The 14 tesla magnet will be deployed on the CSPEC (Cold Chopper Spectrometer) and T-REX (Bispectral Chopper Spectrometer) instruments at the ESS in Lund, Sweden.
It represents a significant leap forward in magnetic sample environments, offering researchers a symmetric vertical field of up to 14 tesla combined with a Variable Temperature Insert (VTI).
The combination will support normal operation from 1.5 K to 325 K and allow the insertion and cooling of a dilution refrigerator and/or a He³ ultra-low temperature (ULT) insert.
The contract follows HTS-110’s recent delivery of a world-first 12 tesla all-HTS magnet to the CEA for neutron science, at the Institut Laue-Langevin (ILL), further cementing the company’s position as the premier provider of high-field magnetic environments for advanced research facilities.
Technical collaborations on tesla magnets
The system represents a deep technical partnership between HTS-110 and the ILL, mirroring the successful collaboration model established during the recent delivery of the 12 tesla system to CEA.
As with its previous project, HTS-110 is responsible for manufacturing the complete magnet system, while the ILL team will design the VTI. This continuity allows the ESS to benefit from a proven interface between magnet and sample environment, leveraging HTS-110’s manufacturing capabilities alongside ILL’s 50 years of expertise in cryogenic systems.
Overcoming challenges of traditional LTS magnets
The main challenge for conventional low-temperature superconducting (LTS) magnets in neutron-scattering applications is the risk of quenching.
Neutron scattering instruments and sample environments typically incorporate mechanical structures made of aluminium and other metals.

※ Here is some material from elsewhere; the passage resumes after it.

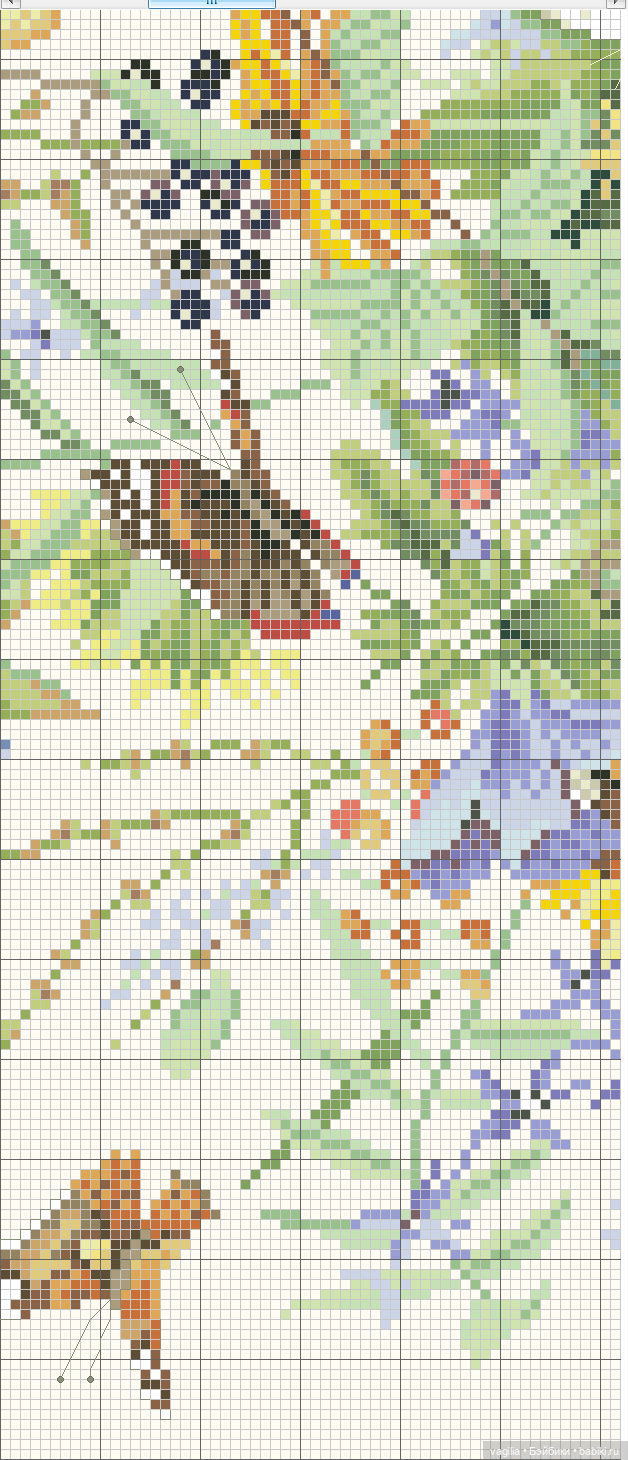 И снова цветы — Схемы вышивки крестом: фото узоров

In such environments, a magnet quench can induce transient eddy currents in surrounding metallic structures, resulting in significant electromagnetic forces that may cause damage to the magnet system and beamline components.
HTS-110’s solution leverages the inherent thermal stability of high-temperature superconductors.

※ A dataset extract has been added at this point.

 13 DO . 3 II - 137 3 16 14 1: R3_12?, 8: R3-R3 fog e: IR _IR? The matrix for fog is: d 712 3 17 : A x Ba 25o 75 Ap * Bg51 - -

Unlike low-temperature superconductors (LTSs), HTS coils are robust to rapid discharging, thereby eliminating the risk of generating unbalanced forces that could damage the magnet system.
Optimised for neutron science
The 14 tesla magnet has been purpose-built to maximise data quality and detector efficiency:
- Maximised detector coverage: The split-pair geometry features a horizontal opening of -36° to +144° and a vertical opening of ±7°, ensuring maximum visibility for the CSPEC and TREX detector banks.
- Low background interference: To minimise neutron scattering, the coils are supported by wedges rather than continuous rings.
- Operational efficiency: The system features a recondensing helium tank feeding the dual-heat-exchanger VTI, ensuring one-week autonomy in liquid helium, fast sample cooling/heating and a ramp time to full field of less than one hour.
Dr Taotao Huang, Principal Magnet Designer at HTS-110, commented: “The magnet will be designed using second-generation high-temperature superconducting (HTS) wire, offering the potential to achieve significantly higher magnetic fields.
“Compared to conventional LTS conductors, 2G HTS wire provides superior current-carrying capacity in high magnetic fields, enhanced thermal stability, and a much lower risk of quench, making it ideal for demanding neutron scattering environments.”